Para este lançamento o Edguy foi experto. Além de incluir todas as partes em que Tobias brinca com os presentes da platéia, os solos estendidos em algumas músicas, e até um solo de bateria, o disco conta com duas músicas do projeto Avantasia: "Inside" (que teve o teclado trocado por guitarra acústica) e "Avantasia", ambas em versões ótimas e apenas com Tobias cantando.

Como se podia esperar, entre as músicas próprias do Edguy no show (músicas mesmo, desconsiderando a faixa com o solo de bateria e a introdução), 50% das músicas referem-se ao "Mandrake", e são elas: "Fallen Angels" (que ficou ótima com o peso a mais nas guitarras), "Painting on the Wall", "The Pharaoh", "Save Us Now" (o que o público agita nessa é surpreendente) e "Tears of Mandrake". Escolhendo somente a nata da carreira, fica muito difícil não dar nota dez para este disco, que está muito bem gravado e mixado. Passando o solo de bateria que também é um destaque (nunca pensei que Felix Bohnke tivesse tanta técnica assim!), a banda não esqueceu nenhum dos seus maiores clássicos, em versões fantásticas: "Babylon", a balada "Land of the Miracle", "The Headless Game", "Vain Glory Opera" e a maravilhosa, na minha opinião, "How Many Miles".

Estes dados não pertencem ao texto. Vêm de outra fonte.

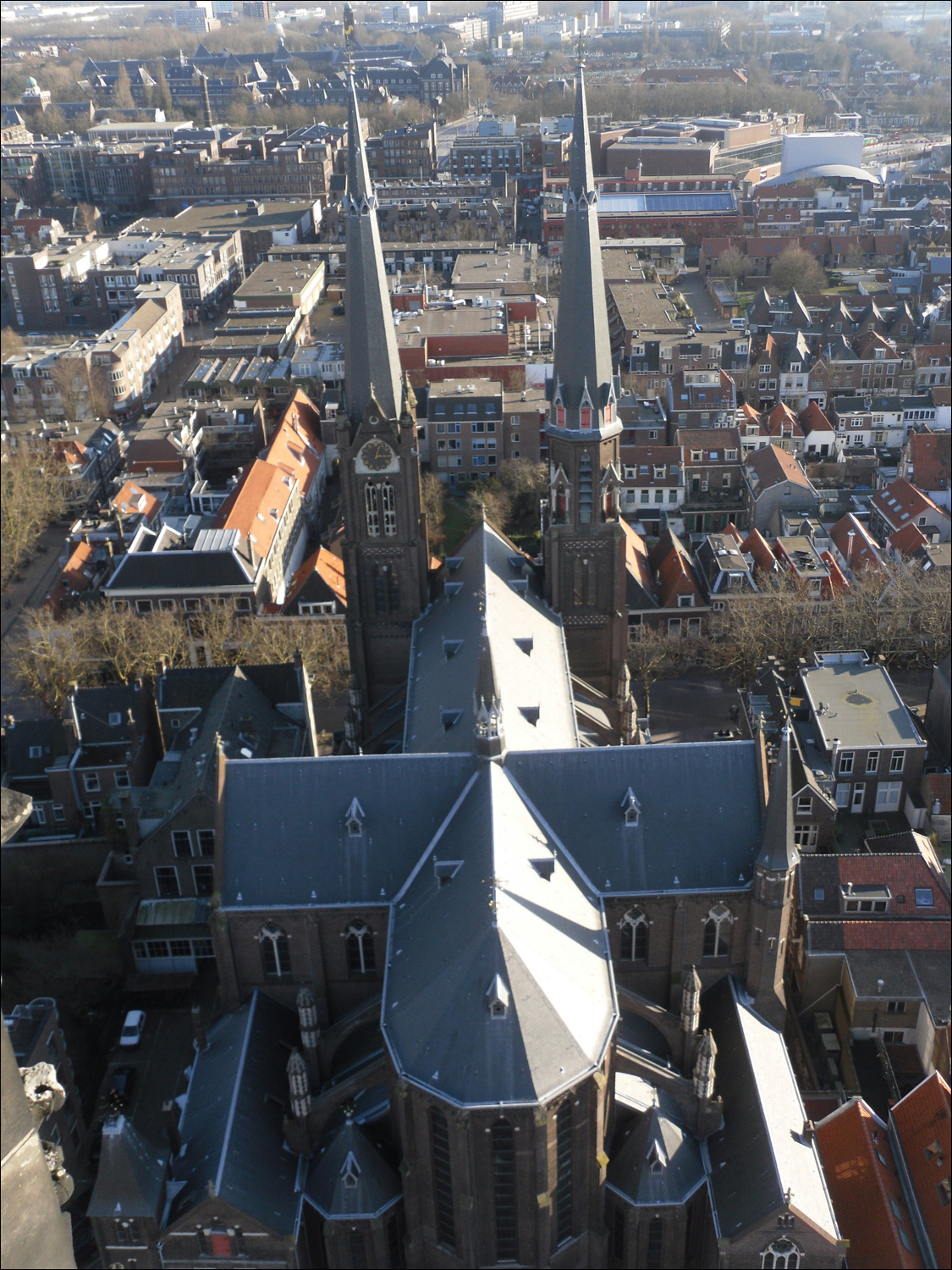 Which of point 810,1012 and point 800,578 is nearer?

"Burnin Down the Opera" é a prova do sucesso da banda. Instrumentalmente o disco está até superior aos álbuns de estúdio, bem produzido e com um preço acessível aqui no Brasil. Você é fã da banda e ainda não o tem? Não sei o que está esperando para sair atrás! Ah, por fim, seria injustiça minha não falar quão maravilhoso é o encarte do CD que tem exatas 32 páginas.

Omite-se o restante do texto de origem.